Camp Leatherneck Marine is a military base in Helmand Province, in the southern part of Afghanistan and occupying a 1,600-acre territory mainly in Washir District, bordering with the British Camp Bastion military base. From its construction in 2008 and until October 26, 2014, the United States Armed Forces operated this facility. After this time, control of the base was transferred from the ISAF (International Security Assistance Force) to the Afghan Armed Forces.

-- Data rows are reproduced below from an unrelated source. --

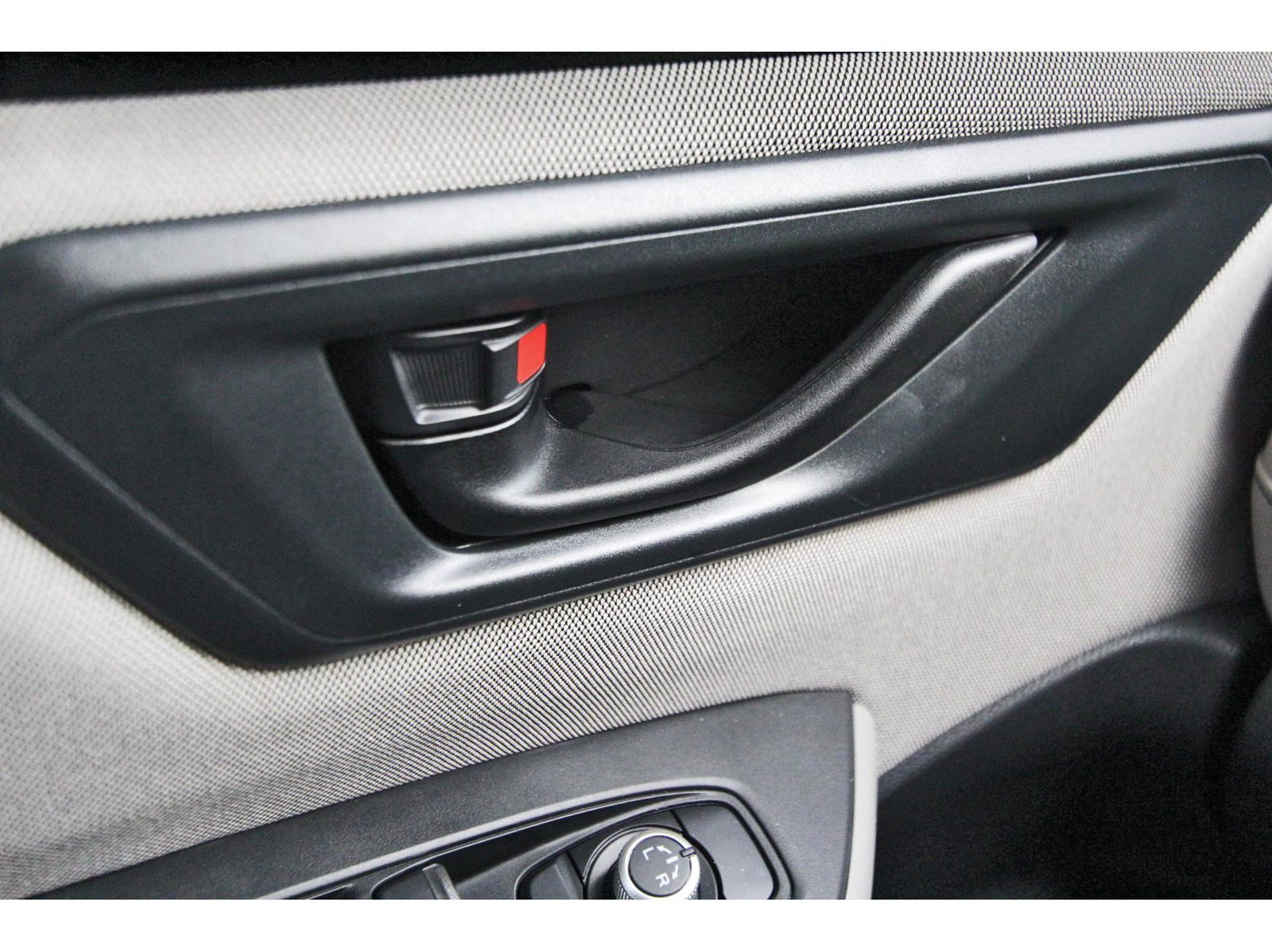 Certified 2026 Subaru Forester Premium AWD/4WD image 22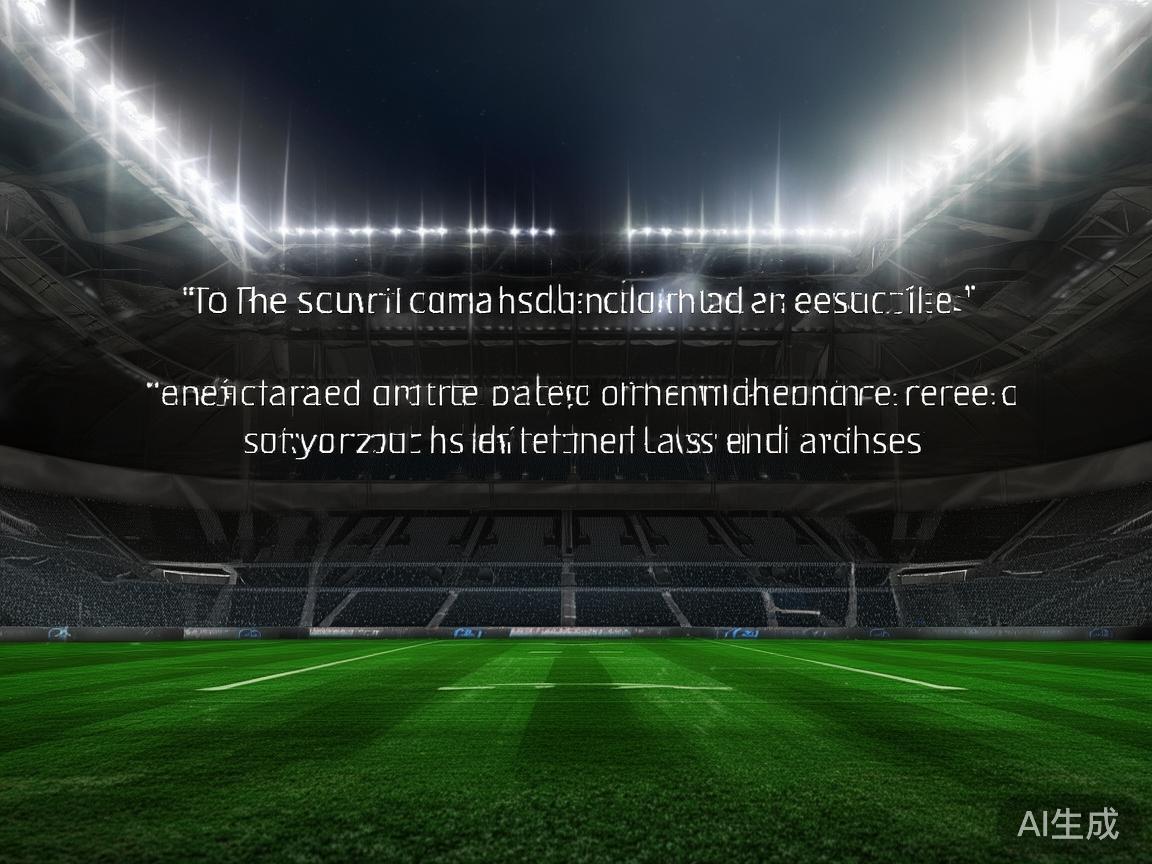 欧亿体育免费下载教程：轻松获取官方最新版软件的详细操作指南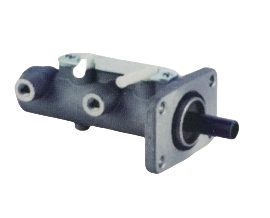 For JAC Series Brake Master Cylinder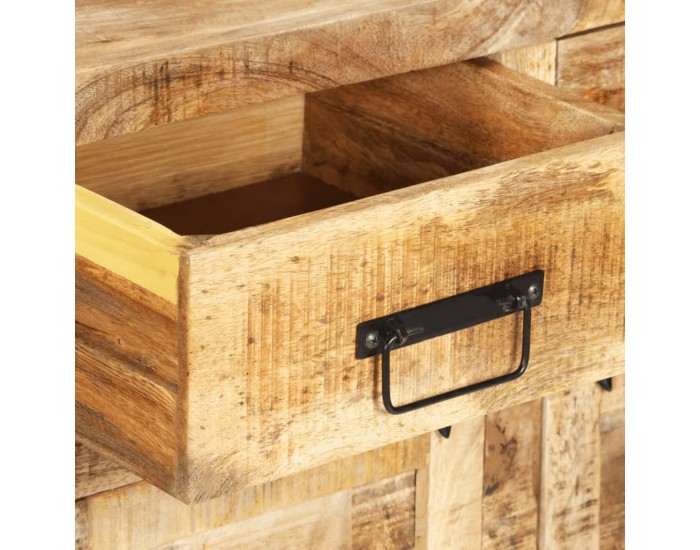 Sonata H Бюфет, 172x35x80 см, мангово дърво масив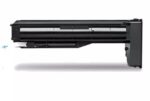 TONER CARTIDGE W1335X  HP (W1335X) - Image 3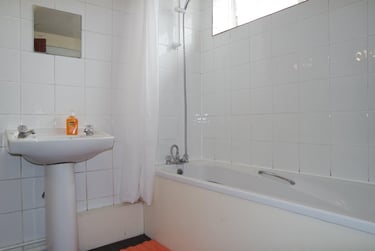 5 bed house, Wellington Street, West End, Lincoln, LN11PL - Image 6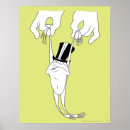 Suche nach looney toon poster Michigan j frog
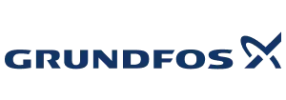 GRUNDFOS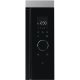 AEG MBB1755SEM Acciaio inox Solo microonde Da incasso 17 L 800 W 5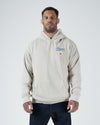 Leandro Lo Champion Hoodie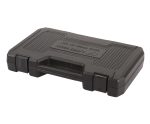 Набор бит 1/2" & 3/8" (T20-T60,R6-R12,H4-H12,M5-M16) 60пр., в кейсе LG-S1002 LIGE /1/5 — изображение 2
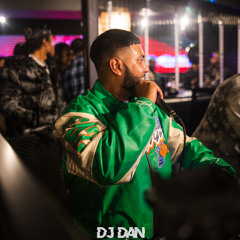 DJ DAN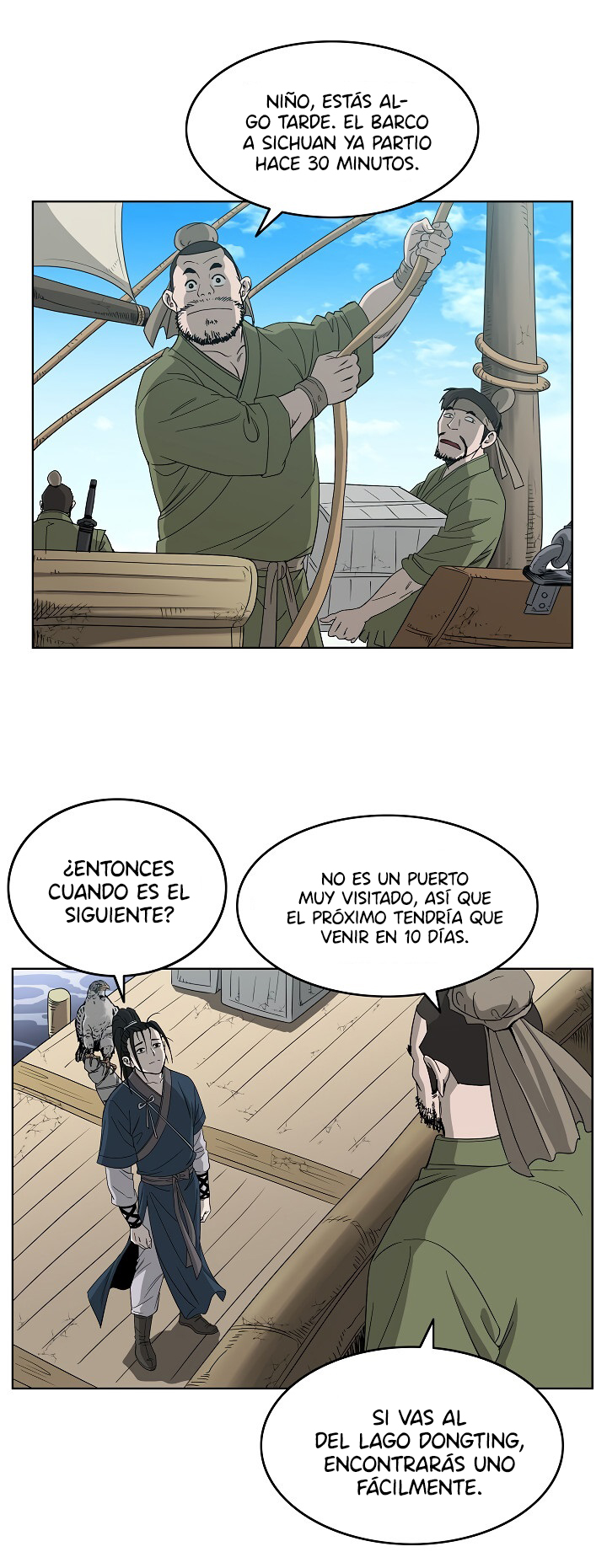 Página 4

Originally planned by the U.S. Army Corps of Engineers (USACE) teaming up with the German Europe District FEST-A, the base can host 2,000 to 15,000 troops from an estimated number of 26,000 increasing forces, and was featured in a National Geographic documentary back in 2010. This modern base was home to the 25th NCR (25th Naval Construction Regiment) of the U.S. Marine Corps, sharing operations with the British forces stationed at Camp Bastion.
The departure of the Marine Corps from Camp Leatherneck was part of the withdrawal of the majority of foreign soldiers in Afghan territory, set to be completed by December 31, 2014, the day in which the mission of those troops ended. Up to date, there are around 12,500 foreign troops in Afghan territory. American troops will remain in the country to fight counterterrorism after Taliban attacks in the area. These troops will be training both Afghan soldiers and policies before departing definitely by 2016.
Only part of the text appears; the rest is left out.